## Exercise instructions
Your task is to copy the data exactly while leaving out every picture.

Records from a dataset
#####
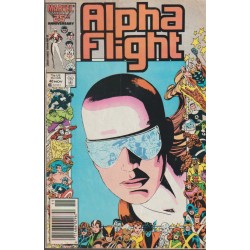 ALPHA FLIGHT USA Nº 28,40,47,51,57,58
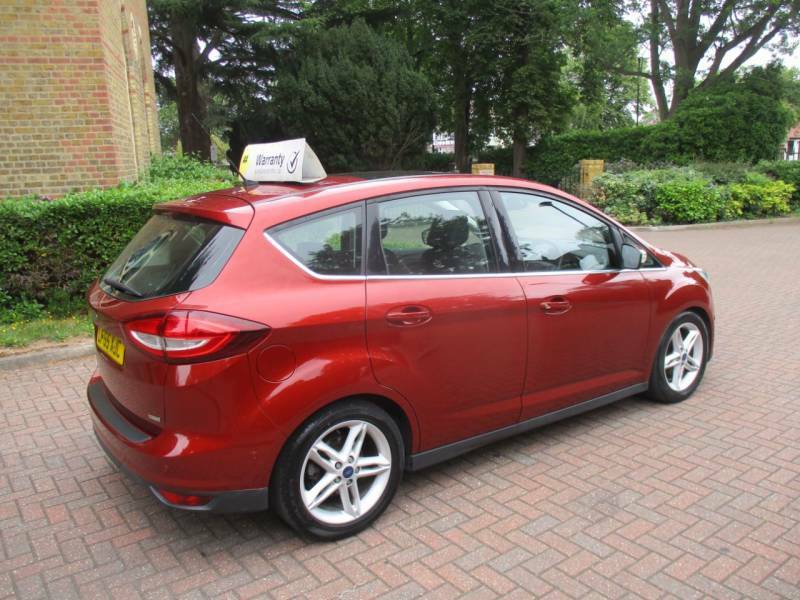 Ford C-Max 1.0 Ecoboost 125 Titanium X Sh Satnav Leather  #5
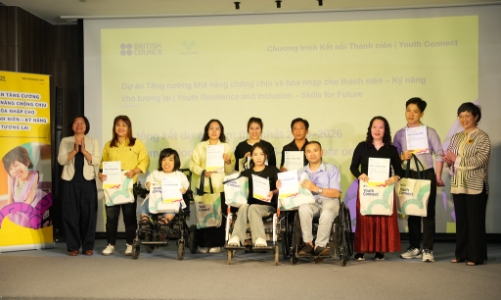 Trang bị kỹ năng số cho các nhóm thanh niên yếu thế 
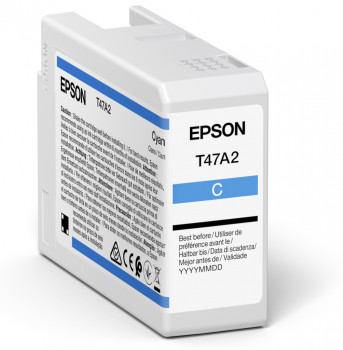 Epson T47A2 Bläck SC-P900 Cyan 50ml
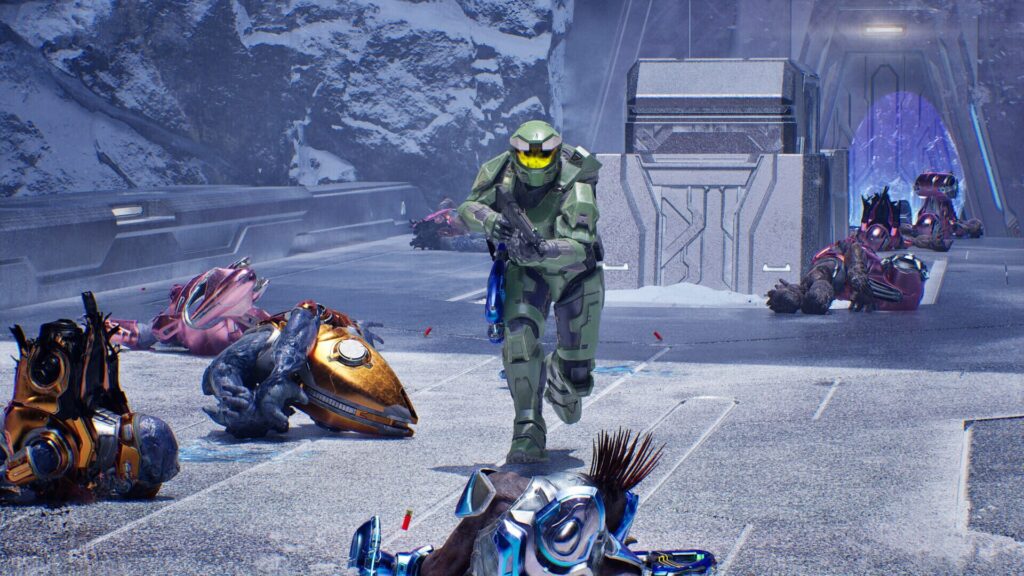 Capture d’écran de Halo: Campaign Evolved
#####
## Answer section
 ALPHA FLIGHT USA Nº 28,40,47,51,57,58
 Ford C-Max 1.0 Ecoboost 125 Titanium X Sh Satnav Leather  #5
 Trang bị kỹ năng số cho các nhóm thanh niên yếu thế 
 Epson T47A2 Bläck SC-P900 Cyan 50ml
 Capture d’écran de Halo: Campaign Evolved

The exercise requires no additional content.